March 31st, 2009 · 1 Comment

Back in February of this year, A.J. Perez’s wrote a column in USA Today about A-Rod and steroids and cheating in MLB.  There has been much written on this topic before his article and it will be an ongoing debate for years to come about how to compare the records of these decades to those of a day when performance enhancing substances weren’t part of the game…or of life, for that matter.

Most notably, however, was how much it saddens me to realize that the old saying I had learned as a child from my father, “winners never cheat, and cheaters never win” is a life lesson that is no longer taught to our children.  Lost in the hoopla about A-Rod’s doping and the fact that he’s now part of MLB’s asterisk club (including Bonds, Clemens, Giambi, Pettitte, Canseco, McGwire and well over 100 others) is the notion that cheaters don’t win or, more importantly, that cheaters are LOSERS.

Giambi played ball for the Yankees after his admission.
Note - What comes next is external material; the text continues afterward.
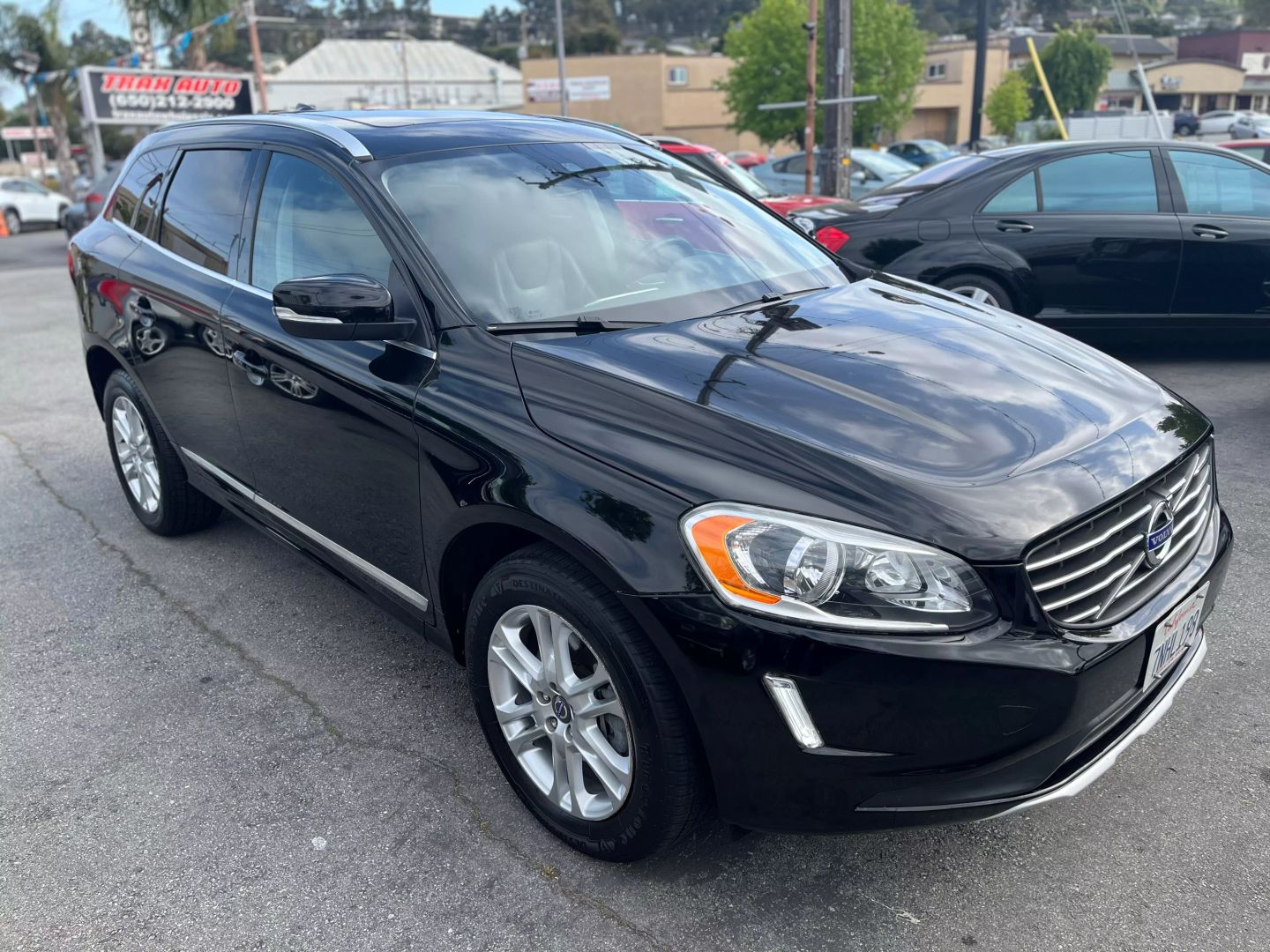 2015 Volvo Xc60  Vin: Yv440mdk5f2755420 Stock Id: 755420 - Image 1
Pettitte is still beloved by fans in Texas and NY. Clemens retains all of his records and still has a shot at being elected into the Hall of Fame in Cooperstown, NY someday.  Rodriguez still has all of those millions of dollars in the bank and millions more to come.

What kind of message does this send to our society?  How are our children supposed to know what is right when we ignore, make excuses and even praise those who do wrong?  Has our society finally become so jaded or desensitized that we’ve given up on expecting accountability and punishment for crimes against fairness, truthfulness and honesty…the hallmarks of our country’s values when we were the great nation during the time of the “greatest generation?” 
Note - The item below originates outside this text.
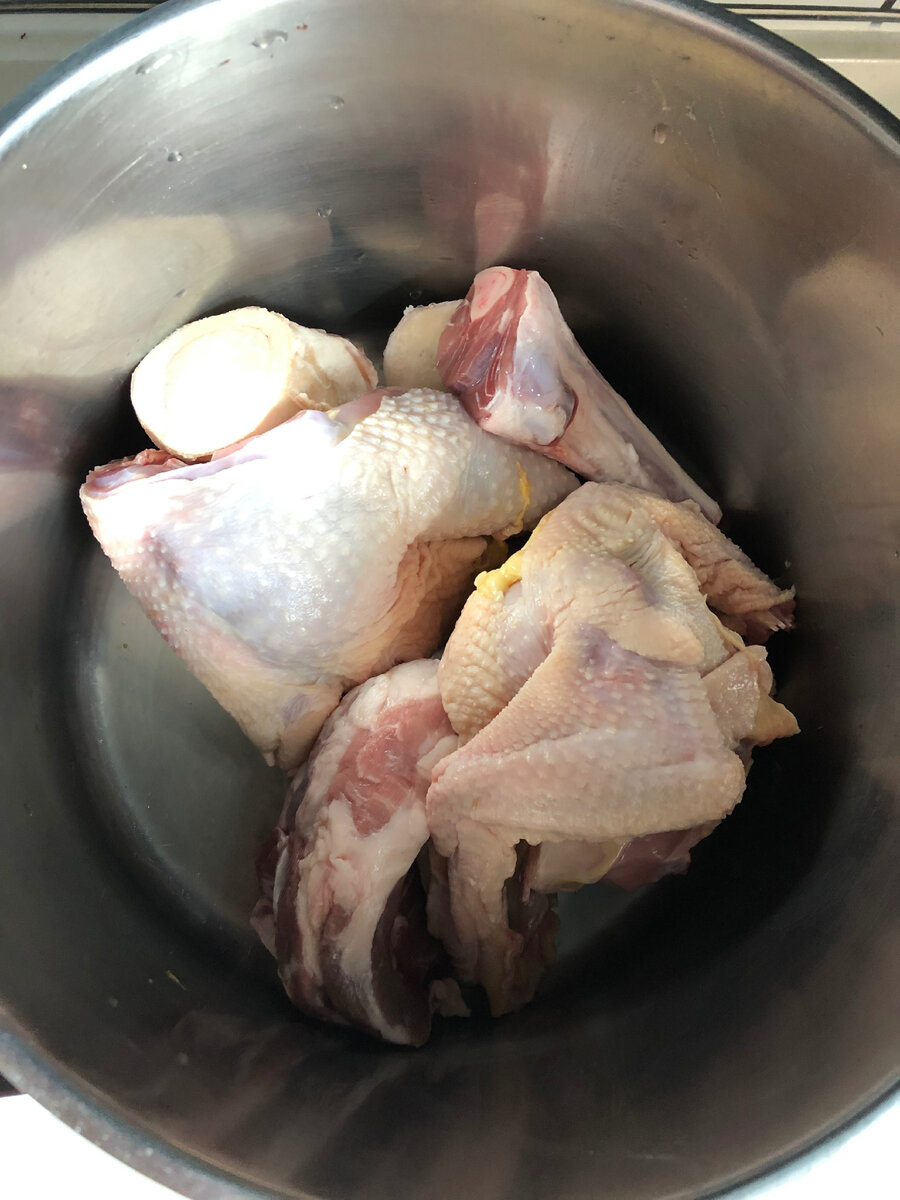 Молодой цыплёнок,  кусочек баранины с косточкой, и говяжьи кости,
Is one form of cheating more acceptable than another and have we now become so desensitized that we’re willing to tolerate it?  How is it that Pete Rose has been banned from baseball for life for betting on baseball while hundreds of current players are rewarded with big contracts and sponsorship deals while cheating in baseball today?  None of today’s cheaters have been banned from baseball and I’d bet a million dollars that their doping and artificially enhanced performance has wrongly won more baseball games than Pete Rose’s betting ever did. 

The bottom line seems to be money. It’s always about the money, right? I heard the following argument from one of my buddies, “If someone’s making a buck or two on something as harmless as popping a few pills and playing better ball, then they should just make it legal for everyone in sports and then no one would be cheating and everyone would be making good money.” Yeah, right.  Let’s just give up on expecting people to play by the rules and allow everyone to cheat.  That would surely solve all of our problems and send a wonderful message to our kids.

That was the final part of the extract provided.